Next step would be to determine what is needed to be searched and where. So just to expand on what I just said, you may need to run searches that are more expansive than UCC searches. You may need to explore searching in different locations, such as where the entity has its principal office location, where it owns property, etc. That would all be your responsibility to determine that information and provide CSC with that information.

And, of course, once you receive the results, you want to spend a thorough amount of time reviewing the results and making sure that you understand what you received and that there are no discrepancies in the results.

And finally, this is a topic that may be very important actually is know the cost of your order. Searches can get expensive when you're running a search against dozens of entities, and you want to know beforehand whether the search is meeting your client's expectations in terms of the cost. And CSC is able to provide you with an estimate of the baseline charges before searches are run upon your request, and that estimate would include service fees, jurisdictional charges, but it would not include any applicable copy cost charges should liens be found.

Okay. So now we're going to expand on the discussion I just had with you about the names to search. And I just wanted to discuss a bit further that when reviewing the charter documents, you want to make sure you're reviewing for any prior names. And it would be your determination to consider whether any prior names need to be searched. Please consult an attorney when doing so.

And I'd like to also reference that not all searches are run against entities. It's actually quite common to be running searches against individuals. And in doing so, you want to make sure that you have the individual's correct legal name. And how do you do that? Well, you need a copy of that person's driver's license and/or passport and make sure that you are providing CSC with the correct legal name.

Moving on to the next point, again talking about prior debtor names, we're really making a point of this just because it is important, when running searches, that you consider that entity names get changed frequently and you may need to search prior names to make sure that the results are correct. And again, people's names change, and so you want to make sure that you ask individuals for any prior names of use.

And moving on to the final point, we're talking about merged or acquired businesses. That would be Section 9-508 of the UCC law. Check the charter documents for any mergers on record and consult an attorney to determine whether any of the non-surviving entities in a party to a merger need to be searched.

Eric: So search locations, you want to search in the location of the debtor, and you have to determine the jurisdiction based on UCC law. We've given you the citation there. And you have to search the filing office designated, again we're giving you that there this citation.

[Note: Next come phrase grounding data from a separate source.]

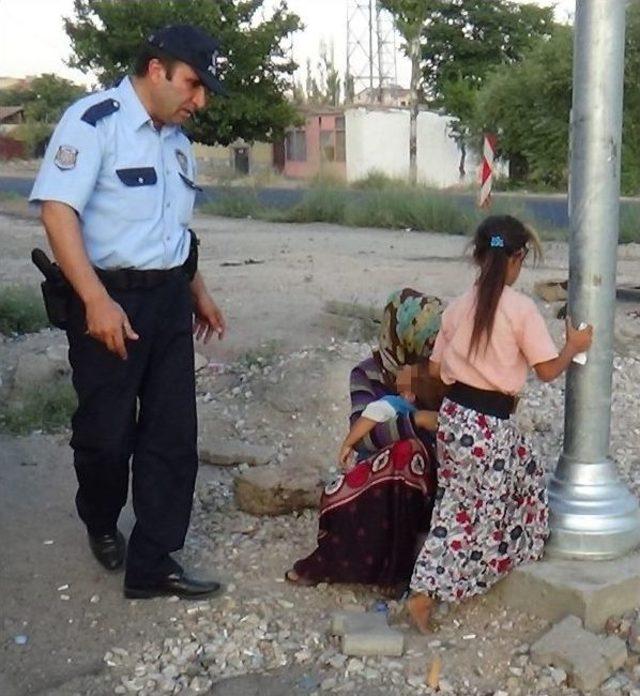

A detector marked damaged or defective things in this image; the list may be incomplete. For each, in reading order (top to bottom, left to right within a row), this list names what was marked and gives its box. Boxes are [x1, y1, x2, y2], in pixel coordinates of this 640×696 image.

broken concrete [496, 548, 640, 632]
broken concrete [528, 616, 624, 692]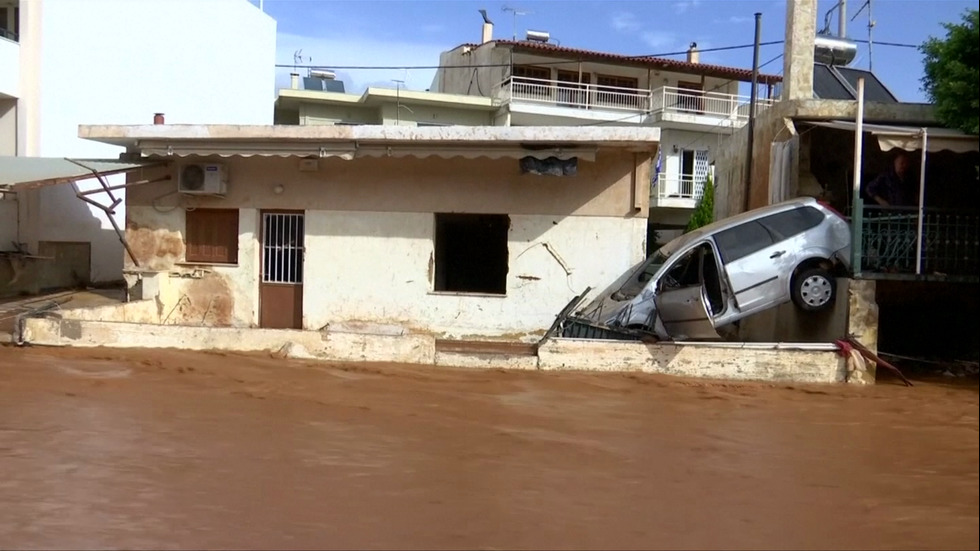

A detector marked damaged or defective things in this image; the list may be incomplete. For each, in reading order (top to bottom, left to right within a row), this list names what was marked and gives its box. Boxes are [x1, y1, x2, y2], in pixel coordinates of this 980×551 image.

broken metal sheet [0, 155, 163, 190]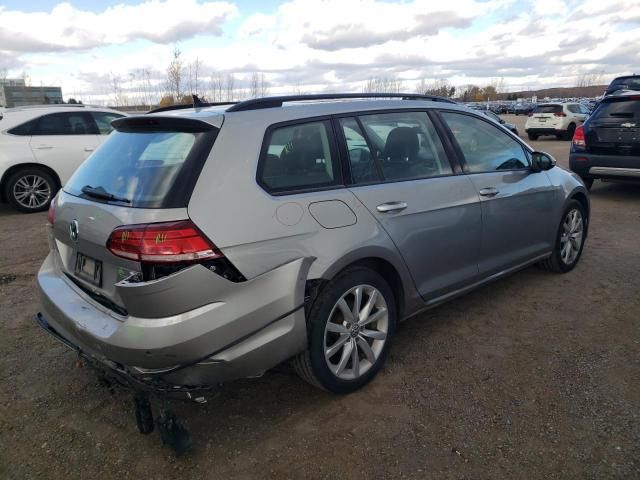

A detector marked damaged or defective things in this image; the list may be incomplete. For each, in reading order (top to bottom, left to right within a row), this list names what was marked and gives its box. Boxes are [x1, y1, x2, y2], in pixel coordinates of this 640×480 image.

rear bumper damage [37, 253, 312, 392]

And really what we're trying to say here is that you determine the jurisdiction based on the filing rules. So that would be where the entity was formed. Or if it's an individual, that would be where the entity resides, and you determine that by where they pay their state taxes. If you have questions because you have someone who's a snowbird, you may want to search both in the summer state and the winter state just to make sure that you have your bases covered.

For collateral that is fixtures, timber, or mineral collateral, there you would search in the location where those filings would be made in the states. Usually those are local filing offices. It could be generally the county. Some states it's the town or province or parish depending on the language that they use. But you would be searching at a local level for that.

Jason: Thank you, Eric, for that. Now I'm going to go back and talk about I've titled this section "UCC and More." And first of all, I just want to pose a question that you might be wondering. What is considered a standard due diligence search?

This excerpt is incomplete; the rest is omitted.